Des travailleurs birmans protégés par un syndicat suite à des abus présumés à Hokkaido
SAPPORO – Six ressortissants du Myanmar travaillant dans une ferme à Hokkaido, dans le nord du Japon, ont été hébergés par un syndicat local après avoir été victimes d’abus et de harcèlement sexuel de la part du personnel agricole, a annoncé vendredi le syndicat.
Les six hommes et femmes, âgés d’une trentaine d’années ou moins, étaient employés dans la ferme de Kyogoku, une ville proche de Sapporo, dans le cadre du programme japonais de travailleurs qualifiés visant à attirer davantage d’étrangers pour répondre à la grave pénurie de main-d’œuvre dans ce pays au vieillissement rapide.

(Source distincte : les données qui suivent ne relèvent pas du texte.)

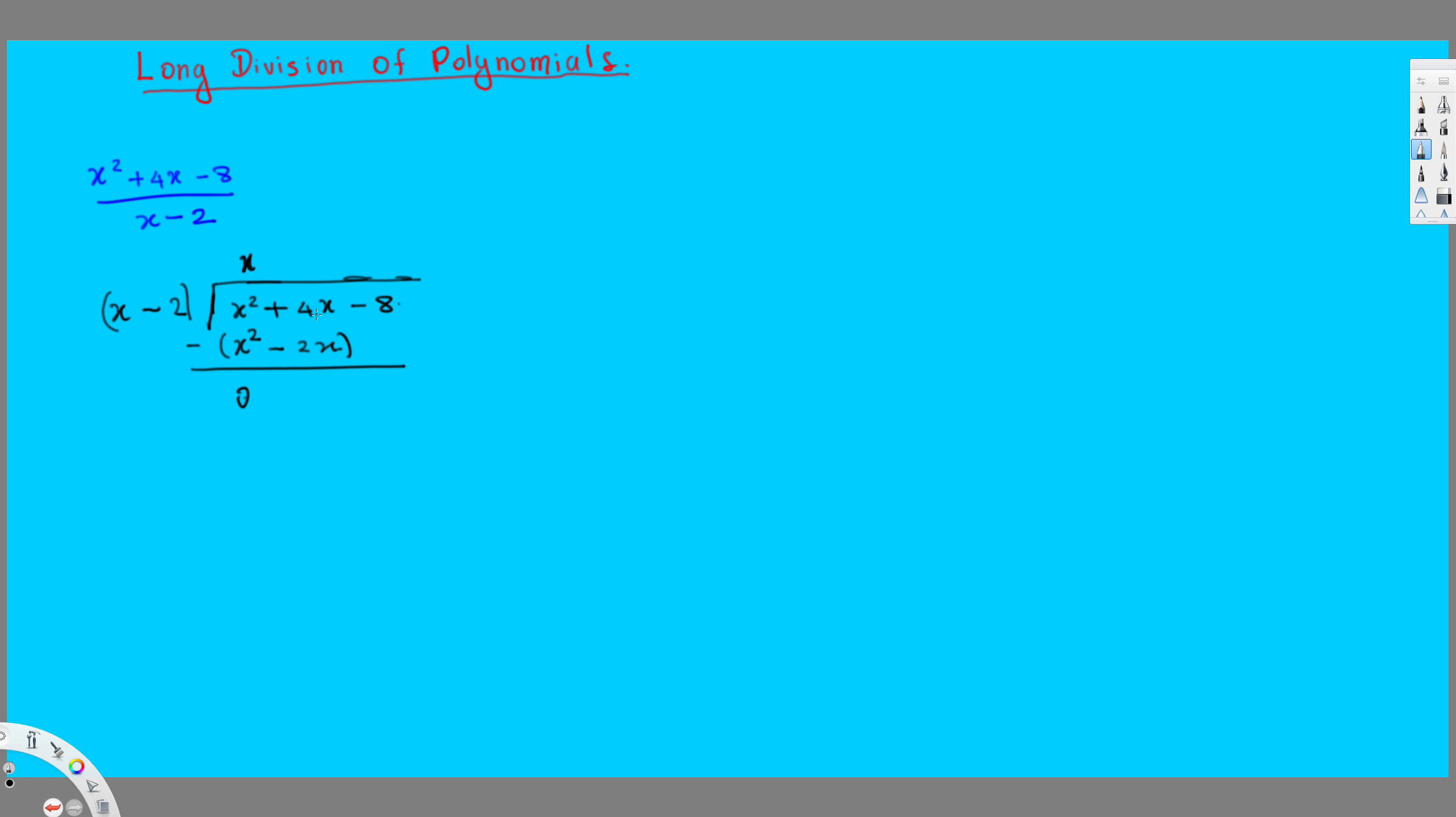And 4x minus minus 2, 6, 2x, that's going to be plus 2x. So that's going to give us plus 6x right here. Then we bring this one down, so this will be minus 8.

Selon le Syndicat général de Sapporo, les six hommes ont commencé à travailler à la ferme entre mai et juillet et auraient été frappés à la tête à la main ou avec du matériel agricole par des employés en colère parce qu’ils ne comprenaient pas le japonais. Ils ont également allégué des attouchements non désirés, notamment sur la poitrine.
Les travailleurs ont été quotidiennement insultés et menacés d’expulsion, et ont déclaré qu’ils ne pouvaient plus continuer à travailler dans la ferme, a indiqué le syndicat.
Les travailleurs envisagent de déposer une plainte pénale pour certaines des infractions présumées et ont fourni des informations au bureau régional de l’immigration de Sapporo, exigeant une enquête sur cette affaire, a indiqué le syndicat.
« Je suis venu au Japon pour travailler. Je veux apprendre correctement », a déclaré l’un des travailleurs birmans d’une vingtaine d’années, en larmes, lors d’une conférence de presse organisée par le syndicat.
En 2022, une ferme exploitée par une autre société agricole à la même adresse à Kyogoku a vu son accréditation lui permettant d’accepter des travailleurs étrangers dans le cadre du programme japonais de formation de stagiaires techniques, antérieur au programme des travailleurs qualifiés, révoquée en raison de violations présumées des droits humains à l’encontre des stagiaires.